Potential for Other Drugs to Affect Sofosbuvir & Velpatasvir
Sofosbuvir and Velpatasvir are substrates of drug transporters P-gp and BCRP, while GS-331007 (the predominant circulating metabolite of Sofosbuvir) is not.
In vitro studies have shown that Velpatasvir undergoes slow metabolic turnover by CYP2B6, CYP2C8, and CYP3A4.
Drugs that induce P-gp and/or CYP enzymes may reduce Sofosbuvir and Velpatasvir plasma concentrations, decreasing therapeutic effectiveness.
The use of these agents with Sofosbuvir/Velpatasvir is not recommended.
Potential for Sofosbuvir & Velpatasvir to Affect Other Drugs
Velpatasvir is an inhibitor of P-gp, BCRP, OATP1B1, OATP1B3, and OATP2B1.
Coadministration with substrates of these transporters may increase drug exposure.
Use in Specific Populations
Pregnancy: If VelataS® is administered with Ribavirin, the combination regimen is contraindicated in pregnant women and in men whose female partners are pregnant. Refer to the Ribavirin prescribing information for details on pregnancy-related risks.
Lactation: It is unknown whether VelataS® or its metabolites are excreted in human breast milk, affect milk production, or have effects on the breastfed infant.
Pediatric Patients: The safety and effectiveness of VelataS® in pediatric patients have not been established.
Geriatric Patients: No dosage adjustment of VelataS® is required in geriatric patients.
No specific antidote is available for VelataS® overdose.

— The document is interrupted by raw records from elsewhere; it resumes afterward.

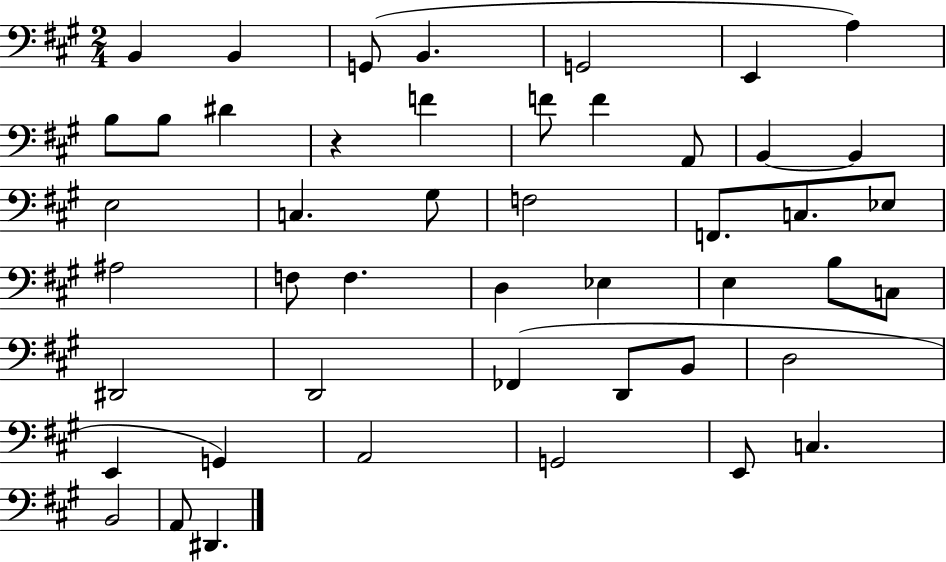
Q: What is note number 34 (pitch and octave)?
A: FES2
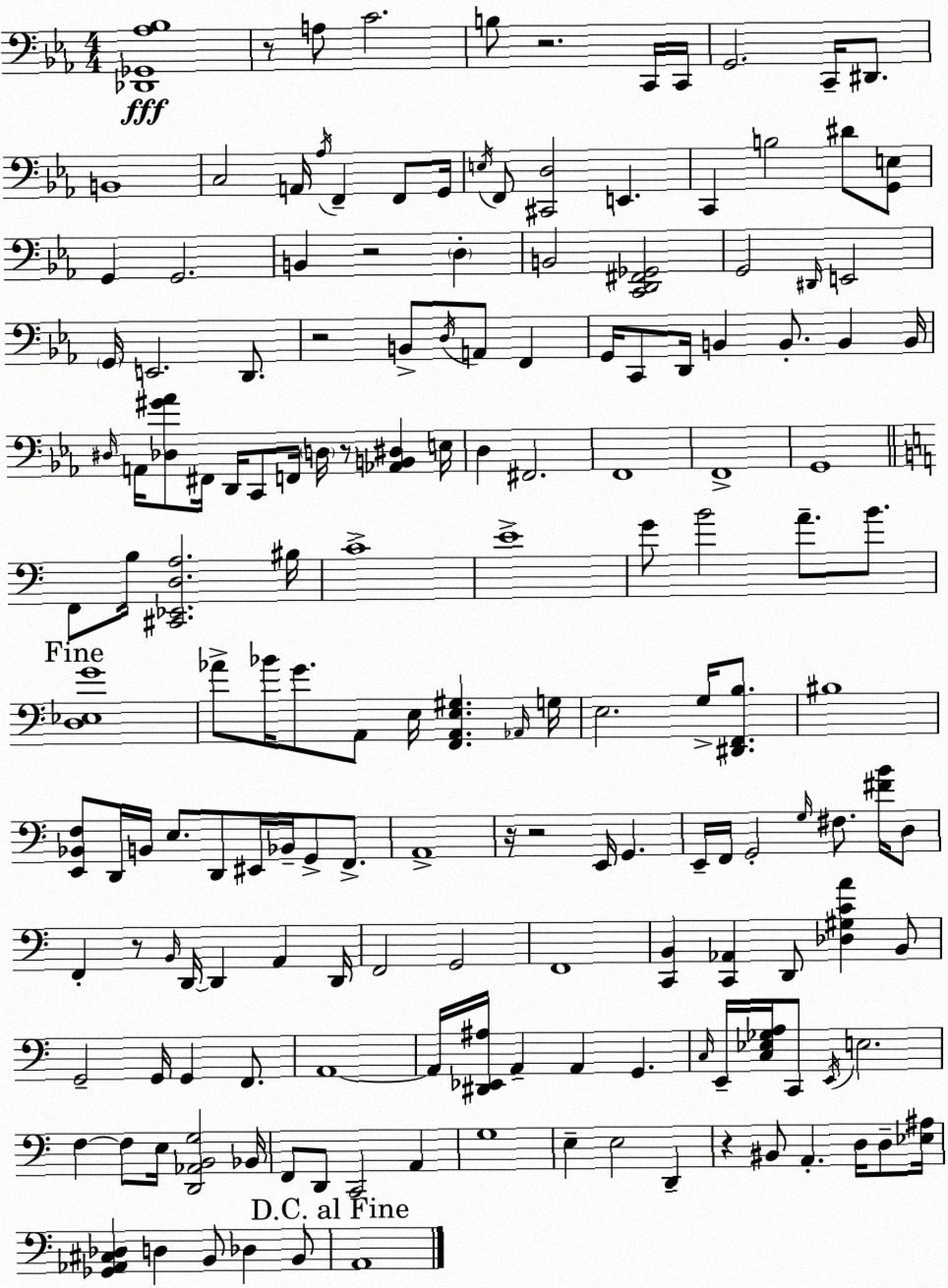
X:1
T:Untitled
M:4/4
L:1/4
K:Eb
[_D,,_G,,_A,_B,]4 z/2 A,/2 C2 B,/2 z2 C,,/4 C,,/4 G,,2 C,,/4 ^D,,/2 B,,4 C,2 A,,/4 _A,/4 F,, F,,/2 G,,/4 E,/4 F,,/2 [^C,,D,]2 E,, C,, B,2 ^D/2 [G,,E,]/2 G,, G,,2 B,, z2 D, B,,2 [C,,D,,^F,,_G,,]2 G,,2 ^D,,/4 E,,2 G,,/4 E,,2 D,,/2 z2 B,,/2 D,/4 A,,/2 F,, G,,/4 C,,/2 D,,/4 B,, B,,/2 B,, B,,/4 ^D,/4 A,,/4 [_D,^G_A]/2 ^F,,/4 D,,/4 C,,/2 F,,/4 D,/4 z/2 [_A,,B,,^D,] E,/4 D, ^F,,2 F,,4 F,,4 G,,4 F,,/2 B,/4 [^C,,_E,,D,A,]2 ^B,/4 C4 E4 G/2 B2 A/2 B/2 [D,_E,G]4 _A/2 _B/4 G/2 A,,/2 E,/4 [F,,A,,E,^G,] _A,,/4 G,/4 E,2 G,/4 [^D,,F,,B,]/2 ^B,4 [E,,_B,,F,]/2 D,,/4 B,,/4 E,/2 D,,/2 ^E,,/4 _B,,/4 G,,/2 F,,/2 A,,4 z/4 z2 E,,/4 G,, E,,/4 F,,/4 G,,2 G,/4 ^F,/2 [^FB]/4 D,/2 F,, z/2 B,,/4 D,,/4 D,, A,, D,,/4 F,,2 G,,2 F,,4 [C,,B,,] [C,,_A,,] D,,/2 [_D,^G,CA] B,,/2 G,,2 G,,/4 G,, F,,/2 A,,4 A,,/4 [^D,,_E,,^A,]/4 A,, A,, G,, C,/4 E,,/4 [C,_E,_G,A,]/4 C,,/2 E,,/4 E,2 F, F,/2 E,/4 [D,,_A,,B,,G,]2 _B,,/4 F,,/2 D,,/2 C,,2 A,, G,4 E, E,2 D,, z ^B,,/2 A,, D,/4 D,/2 [_E,^A,]/4 [_G,,_A,,^C,_D,] D, B,,/2 _D, B,,/2 A,,4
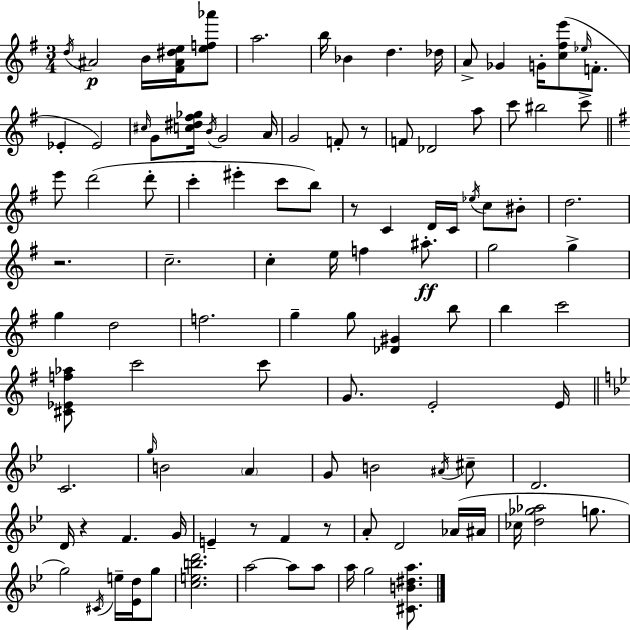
{
  \clef treble
  \numericTimeSignature
  \time 3/4
  \key e \minor
  \repeat volta 2 { \acciaccatura { d''16 }\p ais'2 b'16 <fis' ais' dis'' e''>16 <e'' f'' aes'''>8 | a''2. | b''16 bes'4 d''4. | des''16 a'8-> ges'4 g'16-. <c'' fis'' e'''>8( \grace { ees''16 } f'8.-. | \break ees'4-. ees'2) | \grace { cis''16 } g'8 <c'' dis'' fis'' ges''>16 \acciaccatura { b'16 } g'2 | a'16 g'2 | f'8-. r8 f'8 des'2 | \break a''8 c'''8 bis''2 | c'''8-> \bar "||" \break \key g \major e'''8 d'''2( d'''8-. | c'''4-. eis'''4-. c'''8 b''8) | r8 c'4 d'16 c'16 \acciaccatura { ees''16 } c''8 bis'8-. | d''2. | \break r2. | c''2.-- | c''4-. e''16 f''4 ais''8.-.\ff | g''2 g''4-> | \break g''4 d''2 | f''2. | g''4-- g''8 <des' gis'>4 b''8 | b''4 c'''2 | \break <cis' ees' f'' aes''>8 c'''2 c'''8 | g'8. e'2-. | e'16 \bar "||" \break \key bes \major c'2. | \grace { g''16 } b'2 \parenthesize a'4 | g'8 b'2 \acciaccatura { ais'16 } | cis''8-- d'2. | \break d'16 r4 f'4. | g'16 e'4-- r8 f'4 | r8 a'8-. d'2 | aes'16( ais'16 ces''16 <d'' ges'' aes''>2 g''8. | \break g''2) \acciaccatura { cis'16 } e''16-- | <ees' d''>16 g''8 <c'' e'' b'' d'''>2. | a''2~~ a''8 | a''8 a''16 g''2 | \break <cis' b' dis'' a''>8. } \bar "|."
}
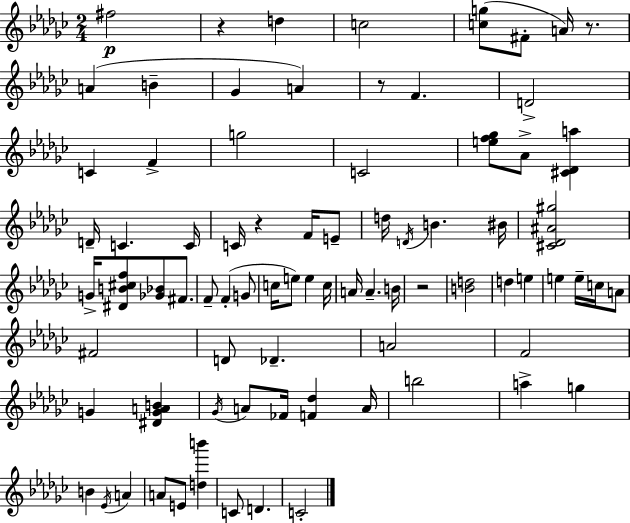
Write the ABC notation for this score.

X:1
T:Untitled
M:2/4
L:1/4
K:Ebm
^f2 z d c2 [cg]/2 ^F/2 A/4 z/2 A B _G A z/2 F D2 C F g2 C2 [ef_g]/2 _A/2 [^C_Da] D/4 C C/4 C/4 z F/4 E/2 d/4 D/4 B ^B/4 [^C_D^A^g]2 G/4 [^DB^cf]/2 [_G_B]/2 ^F/2 F/2 F G/2 c/4 e/2 e c/4 A/4 A B/4 z2 [Bd]2 d e e e/4 c/4 A/2 ^F2 D/2 _D A2 F2 G [^DGAB] _G/4 A/2 _F/4 [F_d] A/4 b2 a g B _E/4 A A/2 E/2 [db'] C/2 D C2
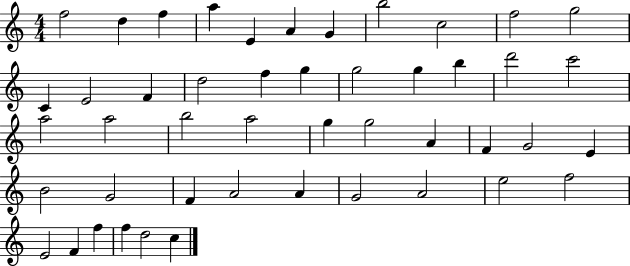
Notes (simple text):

F5/h D5/q F5/q A5/q E4/q A4/q G4/q B5/h C5/h F5/h G5/h C4/q E4/h F4/q D5/h F5/q G5/q G5/h G5/q B5/q D6/h C6/h A5/h A5/h B5/h A5/h G5/q G5/h A4/q F4/q G4/h E4/q B4/h G4/h F4/q A4/h A4/q G4/h A4/h E5/h F5/h E4/h F4/q F5/q F5/q D5/h C5/q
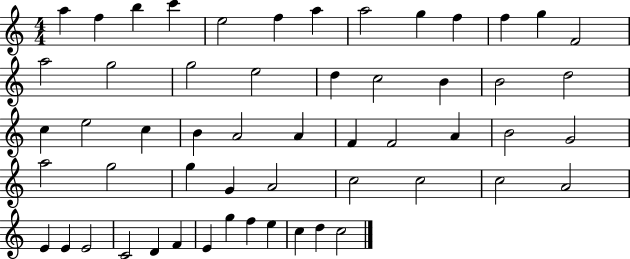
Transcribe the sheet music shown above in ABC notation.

X:1
T:Untitled
M:4/4
L:1/4
K:C
a f b c' e2 f a a2 g f f g F2 a2 g2 g2 e2 d c2 B B2 d2 c e2 c B A2 A F F2 A B2 G2 a2 g2 g G A2 c2 c2 c2 A2 E E E2 C2 D F E g f e c d c2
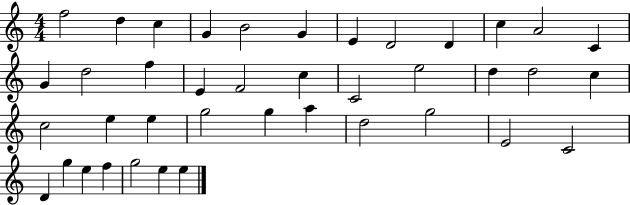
F5/h D5/q C5/q G4/q B4/h G4/q E4/q D4/h D4/q C5/q A4/h C4/q G4/q D5/h F5/q E4/q F4/h C5/q C4/h E5/h D5/q D5/h C5/q C5/h E5/q E5/q G5/h G5/q A5/q D5/h G5/h E4/h C4/h D4/q G5/q E5/q F5/q G5/h E5/q E5/q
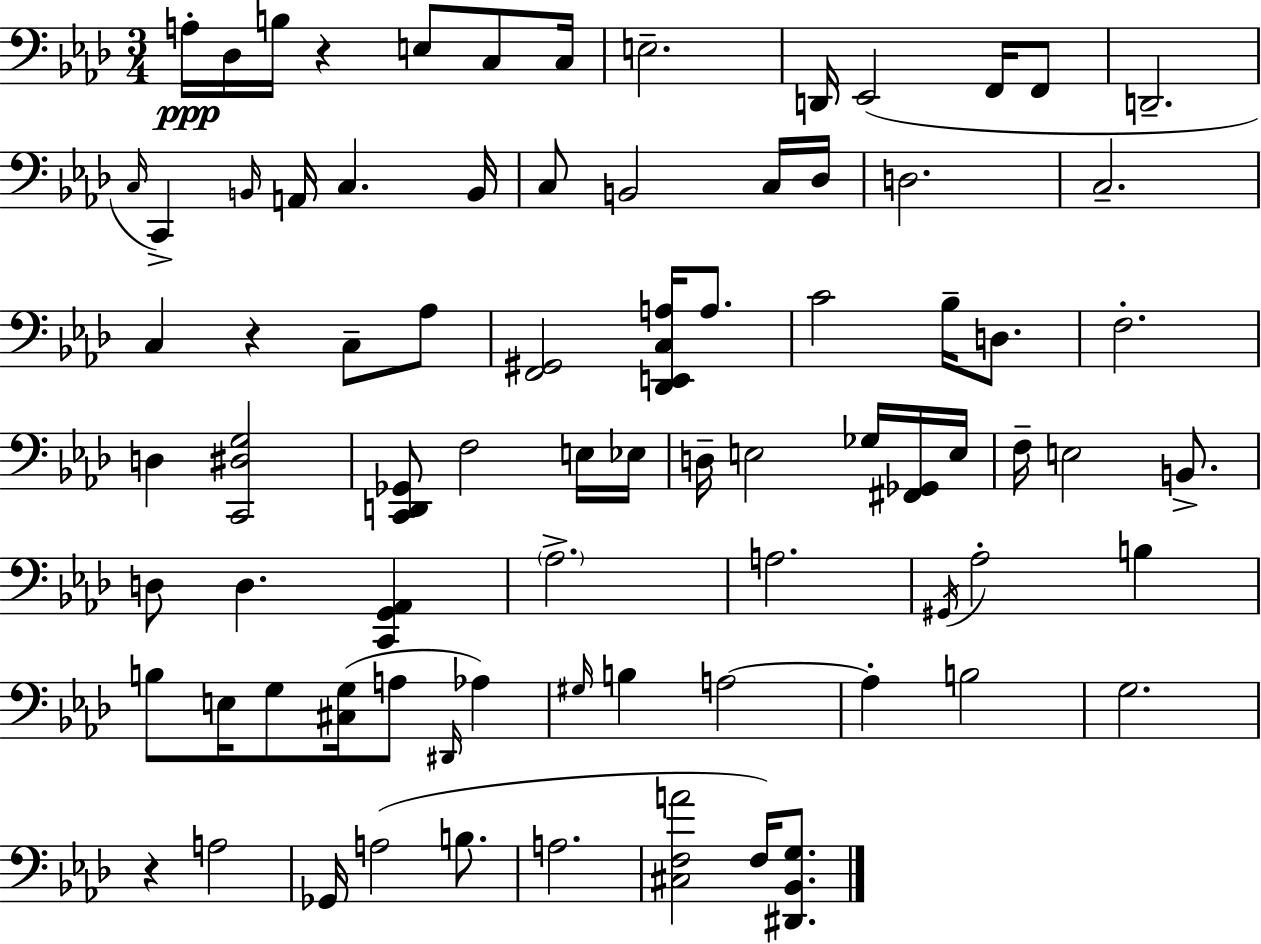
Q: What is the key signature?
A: F minor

If overdose occurs, patients should be monitored for toxicity, including vital signs and clinical status.
Hemodialysis can efficiently remove the predominant circulating Sofosbuvir metabolite, GS-331007, with an extraction ratio of 53%.
Hemodialysis is unlikely to significantly remove Velpatasvir due to its high plasma protein binding.
Store at a temperature not exceeding 30°C in a dry place. Protect from light and moisture.
Medicine: Keep out of reach of children.